Goal of the exercise:
Copy the listing below letter for letter, passing over each picture.

Supplied material:

====

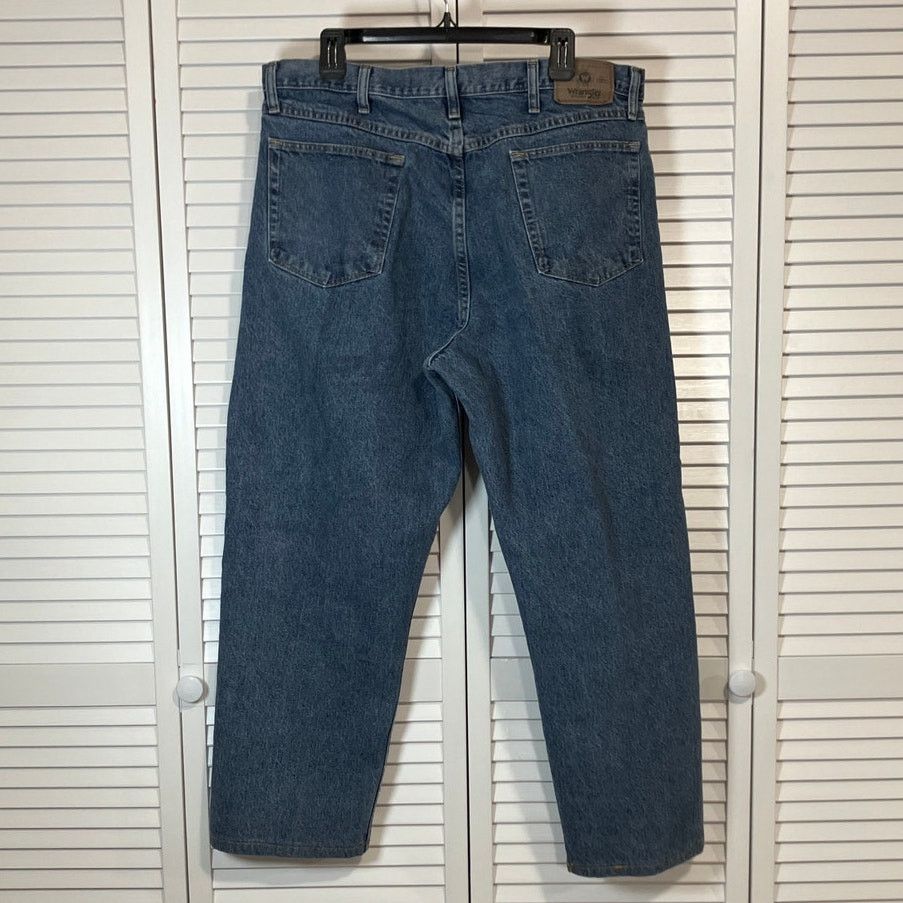 Wrangler Wrangler Authentics Vintage Blue Straight Leg Jeans Men 38” Size US 38 / EU 54 - 2 Thumbnail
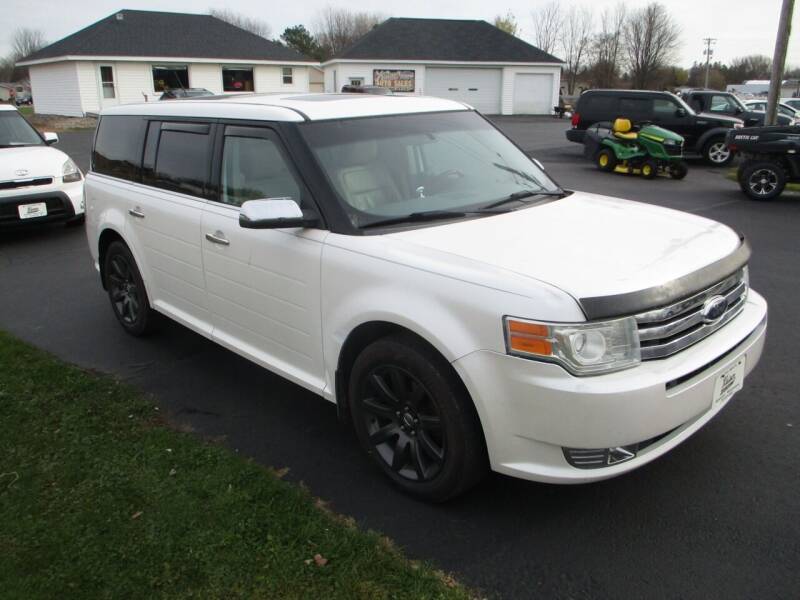 2009 Ford Flex for sale at KAISER AUTO SALES in Spencer WI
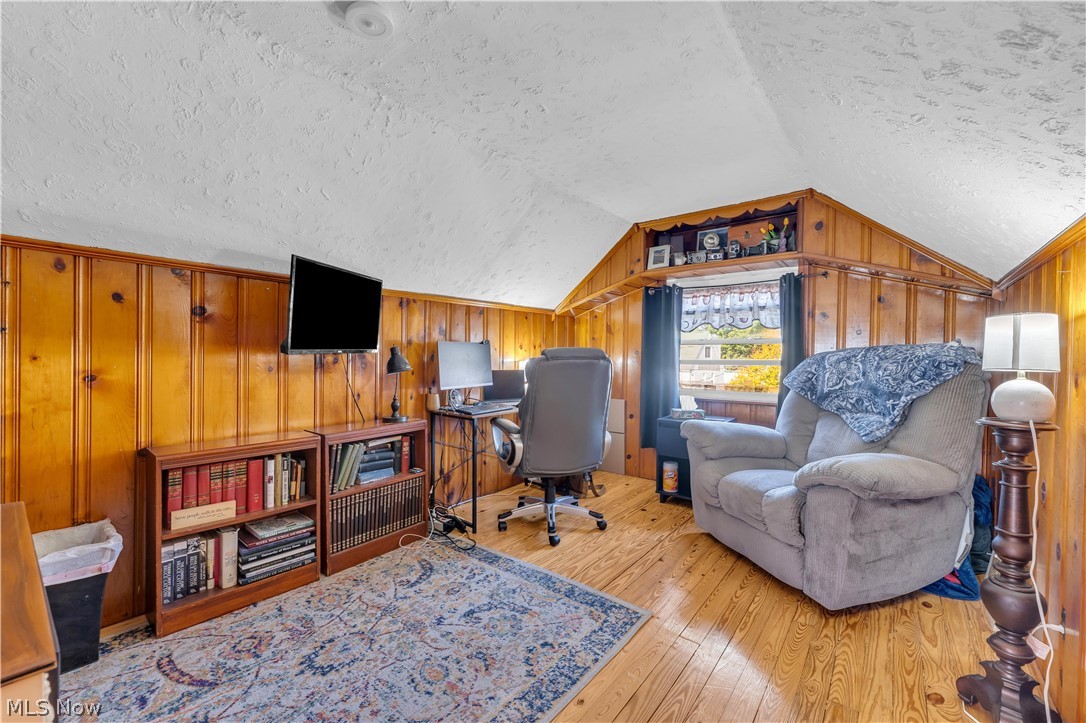 7009 Orchard Grove Avenue Cleveland OH 44144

====

Written response:
 Wrangler Wrangler Authentics Vintage Blue Straight Leg Jeans Men 38” Size US 38 / EU 54 - 2 Thumbnail
 2009 Ford Flex for sale at KAISER AUTO SALES in Spencer WI
 7009 Orchard Grove Avenue Cleveland OH 44144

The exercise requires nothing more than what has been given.